Já os orçamentos dos Estados estão também comprometidos, eis que devem para o governo federal e, muitas vezes, via contratos altamente lesivos (juros sobre juros), que acabam engessando a atuação desses entes da federação. Com isso, os estados ficam impedidos de investir em saúde, educação, cultura e infraestrutura, entre outros, em razão da austeridade fiscal imposta pela União.

Para combatermos esse tipo de exploração maquiada de austeridade fiscal e realizarmos uma “eutanásia no rentismo”, temos que compreender os mecanismos utilizados para que possamos denunciá-los e desmontá-los.

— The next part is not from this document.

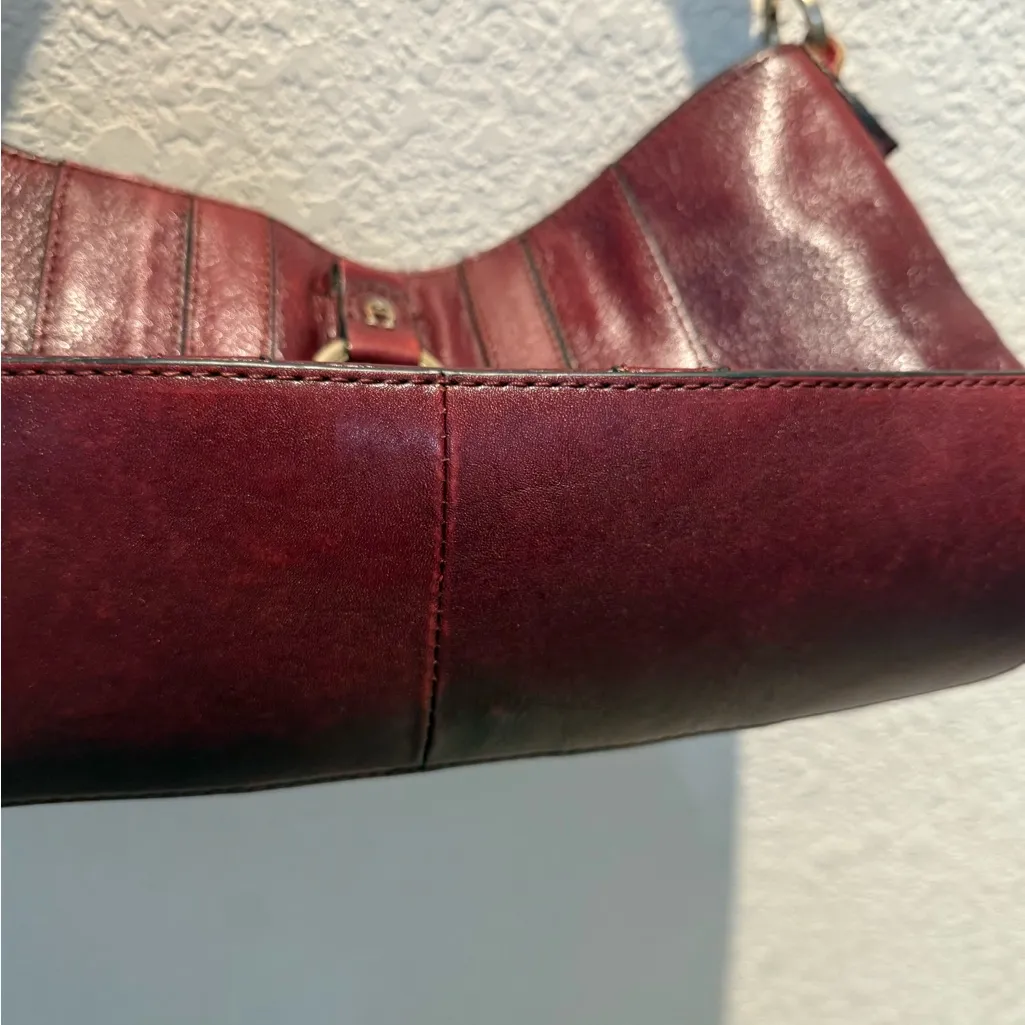 Elegant Burgundy Leather Shoulder Bag - Image 10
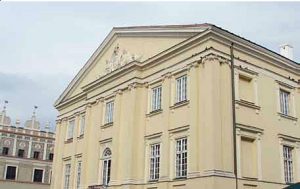 Obecny budynek Trybunału Koronnego zastąpił dawny drewniany ratusz spalony w 1389 roku. Początkowo nowo wybudowany budynek pełnił funkcję miejskiego ratusza, a od 1587roku mieścił się tam Trybunał Koronny dla szlachty z Małopolski. Współcześnie w budynku znajduje się Pałac Ślubów i Muzeum Historii Ratusza i Trybunału Koronnego. Odbywają się tu również koncerty muzyczne.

Para tanto, se faz necessária a compreensão do orçamento, a fim de identificarmos o comprometimento deste com a dívida pública e a quantidade de verbas destinas para a previdência, a saúde, educação, cultura, etc.

É fundamental o estreitamento de nossas relações com a entidade Auditoria Cidadã da Dívida que conhece os meandros do sistema da dívida pública e do Orçamento da União e dos demais entes da federação.

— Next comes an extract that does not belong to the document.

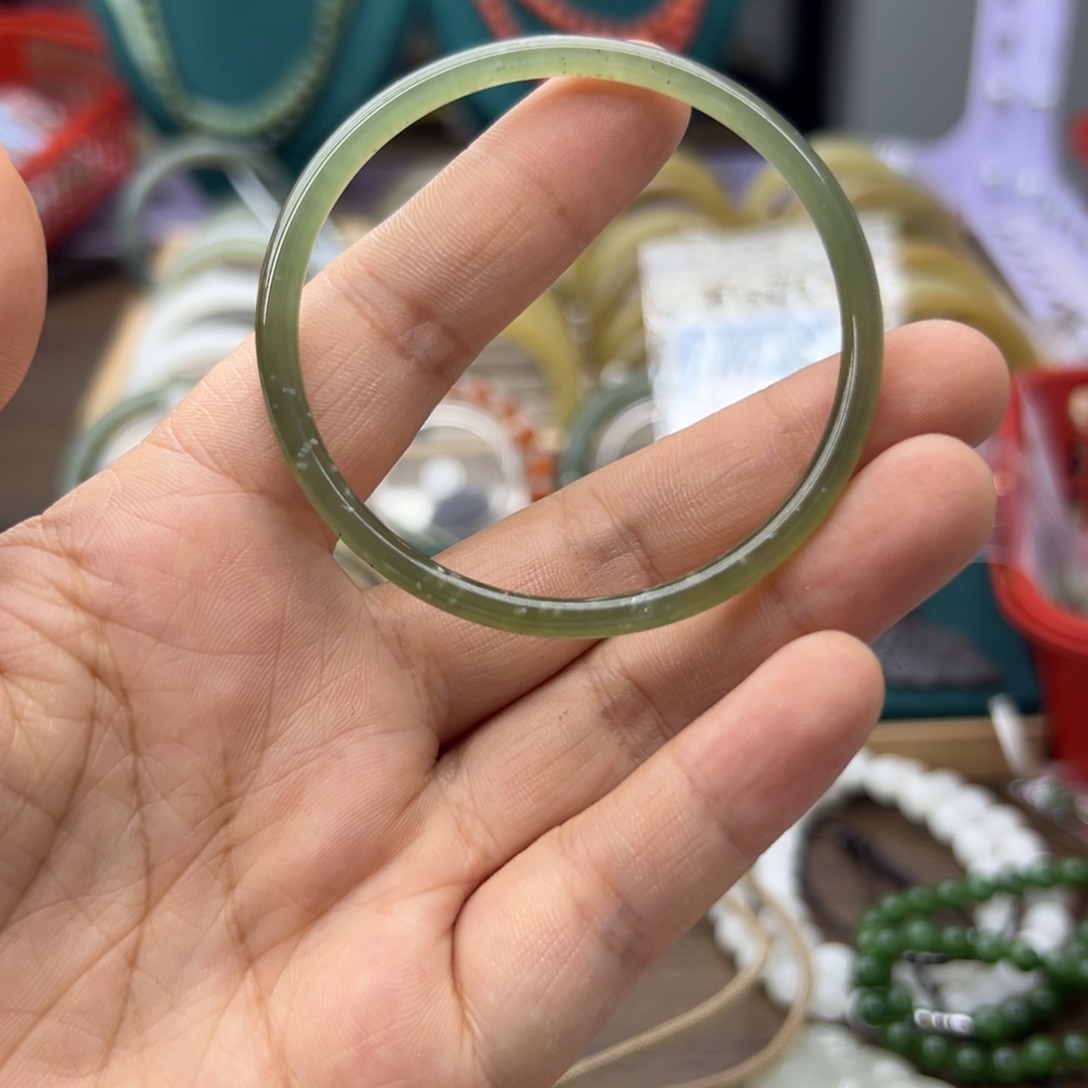 和田玉手镯未镶嵌55.3圈围74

Importante também nosso relacionamento com as lideranças de outros sindicatos e de centrais sindicais, para termos a dimensão do desmonte do serviço público.

A Auditoria Cidadã da Dívida (ACD), entidade sem fins lucrativos propõe:

1 – realizar, de forma cidadã, a auditoria da dívida pública brasileira, interna e externa, federal, estaduais e municipais;

2 – demonstrar a necessidade do cumprimento do disposto no artigo 26 do ADCT da Constituição Federal de 1988, que prevê a realização da auditoria da dívida externa;

3 – Exigir a devida transparência no processo de endividamento brasileiro, de forma que os cidadãos conheçam a natureza da dívida, os montantes recebidos e pagos, a destinação dos recursos e os beneficiários dos pagamentos de juros, amortizações, comissões e demais gastos;

4 – Exigir a devida transparência do orçamento fiscal, de forma que os cidadãos conheçam detalhadamente todas as fontes de recursos públicos e sua respectiva destinação;

5 – Mobilizar a sociedade em ações coordenadas para a exigência do cumprimento do dispositivo constitucional que determina a realização da auditoria da dívida;

6 – Promover estudos e pesquisas relacionados com o tema do endividamento público brasileiro;

7 – Popularizar a discussão do endividamento público por meio da elaboração de publicações, manutenção de página na internet e promoção de eventos;

8 – Estabelecer relações com outras entidades e redes nacionais e internacionais com o objetivo de realizar estudos, cooperar com processos de auditoria da dívida em outros países, divulgando a auditoria como ferramenta de investigação do processo de endividamento e como meio para articulação internacional de países endividados.